##### Record excerpts
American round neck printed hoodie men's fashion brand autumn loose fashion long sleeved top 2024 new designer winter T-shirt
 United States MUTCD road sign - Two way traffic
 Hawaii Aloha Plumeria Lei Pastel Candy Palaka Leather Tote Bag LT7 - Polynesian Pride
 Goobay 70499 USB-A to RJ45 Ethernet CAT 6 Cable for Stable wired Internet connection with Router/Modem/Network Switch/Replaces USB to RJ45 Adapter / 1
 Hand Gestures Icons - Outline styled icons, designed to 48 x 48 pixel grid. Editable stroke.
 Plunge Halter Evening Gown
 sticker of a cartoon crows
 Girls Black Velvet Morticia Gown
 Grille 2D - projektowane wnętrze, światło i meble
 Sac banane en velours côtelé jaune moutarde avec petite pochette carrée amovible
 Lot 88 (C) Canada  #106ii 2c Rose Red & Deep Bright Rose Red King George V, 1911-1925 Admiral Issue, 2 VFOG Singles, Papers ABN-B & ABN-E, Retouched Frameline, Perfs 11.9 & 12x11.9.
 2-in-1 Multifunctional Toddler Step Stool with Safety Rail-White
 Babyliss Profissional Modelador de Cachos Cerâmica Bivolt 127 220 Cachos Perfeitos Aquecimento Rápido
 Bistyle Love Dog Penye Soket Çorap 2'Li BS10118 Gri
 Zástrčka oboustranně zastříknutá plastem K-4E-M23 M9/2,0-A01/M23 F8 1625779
##########
§ Problem: Exact copies of the line containing "United States MUTCD" and of every line after it through the end of the entries are all that should be output.

§ Result of the task:
 United States MUTCD road sign - Two way traffic
 Hawaii Aloha Plumeria Lei Pastel Candy Palaka Leather Tote Bag LT7 - Polynesian Pride
 Goobay 70499 USB-A to RJ45 Ethernet CAT 6 Cable for Stable wired Internet connection with Router/Modem/Network Switch/Replaces USB to RJ45 Adapter / 1
 Hand Gestures Icons - Outline styled icons, designed to 48 x 48 pixel grid. Editable stroke.
 Plunge Halter Evening Gown
 sticker of a cartoon crows
 Girls Black Velvet Morticia Gown
 Grille 2D - projektowane wnętrze, światło i meble
 Sac banane en velours côtelé jaune moutarde avec petite pochette carrée amovible
 Lot 88 (C) Canada  #106ii 2c Rose Red & Deep Bright Rose Red King George V, 1911-1925 Admiral Issue, 2 VFOG Singles, Papers ABN-B & ABN-E, Retouched Frameline, Perfs 11.9 & 12x11.9.
 2-in-1 Multifunctional Toddler Step Stool with Safety Rail-White
 Babyliss Profissional Modelador de Cachos Cerâmica Bivolt 127 220 Cachos Perfeitos Aquecimento Rápido
 Bistyle Love Dog Penye Soket Çorap 2'Li BS10118 Gri
 Zástrčka oboustranně zastříknutá plastem K-4E-M23 M9/2,0-A01/M23 F8 1625779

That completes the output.